Keine paar Tage später wird mir ein ausgefeiltes Konzept zur Unternehmensgründung präsentiert. Ob ich dabei bin? Na, was glaubt‘s?!

Die Anzahl der Bestellungen steigt weiter an, das lässige gemeinsame Kochen wird tatsächlich zu einer Herausforderung. Was tun? Erstmal Urlaub fahren. Griff zum Handy. „Simon, Venedig wartet auf mich, du musst mich da bei so einer Sache vertreten.“

 

SIMON

Küche schön und gut. Zahlen gefallen mir aber noch besser. Durch die steigende Anzahl an Bestellungen häuft sich auch die Büroarbeit. Neben Schälermeister agiere ich nun auch als Finanzberater. Es wird stressig. Die Woche füllt sich mit Arbeit. Montags wird gekocht, am Abend liefern wir aus, erstmal nur in das „The Student Hotel“. Mitte November – Emilia steigt nach einem anstrengenden Kochtag mit unserem Festivalwagerl, liebevoll genannt "Beachwagn" voller Mealpreps aus dem Auto aus und schleppt sich ins Studentenheim. Bis nächste Woche Eppi.

 

FIONA

Das muss die Studentin aus dem 8. Stock sein, die ihr Essen an die anderen Studenten verkauft, denk ich mir, wie ich Emilia ein Wagerl mit rund 50 Mealprep-Boxen durch den Eingang des „The Student Hotel“ ziehen sehe. Noch keine 5 Sätze miteinander gesprochen kommt sie auf mich zu, stellt ihre Lieferung frech neben mir ab und sagt: „Die Leute kommen da jetzt ihr Essen abholen, ich muss nochmal weg. Nimm dir ruhig auch was, wir haben eines übrig“ „Hm, na gut. Immerhin Essen“, denk ich mir in dem Moment, nichts ahnend, dass dies der Beginn einer großartigen Freundschaft ist.

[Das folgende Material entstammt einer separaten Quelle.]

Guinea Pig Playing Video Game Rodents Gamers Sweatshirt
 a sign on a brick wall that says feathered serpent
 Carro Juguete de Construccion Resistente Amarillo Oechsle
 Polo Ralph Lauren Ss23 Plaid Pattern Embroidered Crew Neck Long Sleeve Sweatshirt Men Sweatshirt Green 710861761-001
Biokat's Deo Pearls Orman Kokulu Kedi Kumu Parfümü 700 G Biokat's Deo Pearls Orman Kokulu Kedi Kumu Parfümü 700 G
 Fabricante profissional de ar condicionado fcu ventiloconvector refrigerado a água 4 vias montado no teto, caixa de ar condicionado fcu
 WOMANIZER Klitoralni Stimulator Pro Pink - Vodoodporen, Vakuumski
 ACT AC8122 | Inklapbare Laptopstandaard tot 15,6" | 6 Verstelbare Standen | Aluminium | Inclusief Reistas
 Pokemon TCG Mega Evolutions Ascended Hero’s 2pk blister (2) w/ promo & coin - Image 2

Ab diesem Tag verbrachte ich meine Lernstunden nicht mehr wie zuvor in der Lobby des Hotels, sondern leistete Emilia in einem Büro Gesellschaft, welches ihr das „The Student Hotel“ zu diesem Zeitpunkt zur Verfügung stellte. Bose Box, Erdbeerjoghurt und Kaffee – das macht uns aus. Wochenlang hocken wir während des zweiten Lockdowns im Büro, arbeiten und lernen bis spät in die Nacht und erfreuen uns hauptsächlich an der gegenseitigen Gesellschaft. Emilia nimmt für mich einen Nebenjob als persönliche Accounting-Nachhilfelehrerin an, versorgt mich täglich mit gutem Essen und schenkt mir neben Einblicke in das Unternehmerleben unzählige Lachmomente. Im Gegenzug übernehme ich für sie die Gestaltung ihrer Flyer, kümmere mich um ihre tägliche Koffeinzufuhr und unterstütze sie mit meiner Expertise bei wichtigen Entscheidungen wie der Auswahl der Pastasorte für die kommende Woche. Aus einer Lockdowngesellschaft wurden gute Freunde - mittlerweile sind wir Geschäftspartner.

Einzeln sind wir stark, zu zweit fast unschlagbar, zu viert verändern wir die Gastronomie.